Your own record as HM Ambassador in Uzbekistan was at best ambiguous. You boast in your book about how many Ministers from this regime you entertained at taxpayers’ expense. You seemed to think that by patient (and as necessary firm) diplomatic means you could get them to change their ways or at least pursue UK commercial interests.
But above all you engaged with them as they were. What would you have advocated in the way we dealt with Uzbekistan had the Iraq invasion NOT happened?
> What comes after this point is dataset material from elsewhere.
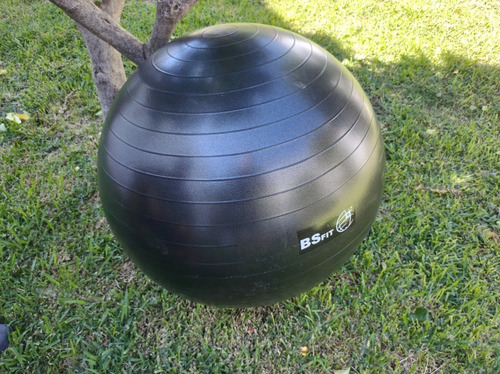 Imagen 4 de 8 de Pelota Esferodinamia De 65 Cm Fit Gym Ball Pilates Yoga Esfera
This is exactly what Sir J Sawers said yesterday. When it comes to protecting the public HMG needs to engage with people and regimes we all dislike, perhaps especially with people and regimes we dislike. What’s your precise alternative?
What would you DO if you were a LibDem Minister who is given a GCHQ intelligence intercept from a foreign regime reporting a likely terrorist attack in London based on interrogating a suspect? You fear that that suspect has been tortured by the regime. Do you nonetheless decide to do nothing, in effect ordering the UK police and MI5 not to act on that report (or even try to verify it)?
If that terrorist attack which we might have prevented happens, and 50 people are killed, what is your political and personal responsibility then?
Just for the record, the way you ‘parsed’ the Sawers speech is trivially dishonest. You say: "It says we do receive intelligence from torture, and we know we do. It says this happens all the time – "real constant operational dilemmas" – and that the decisions to receive intelligence from torture have specifically been approved by ministers. That means Lib Dem ministers are complicit in this policy."
Literally none of that follows from what Sir John said. Feeble.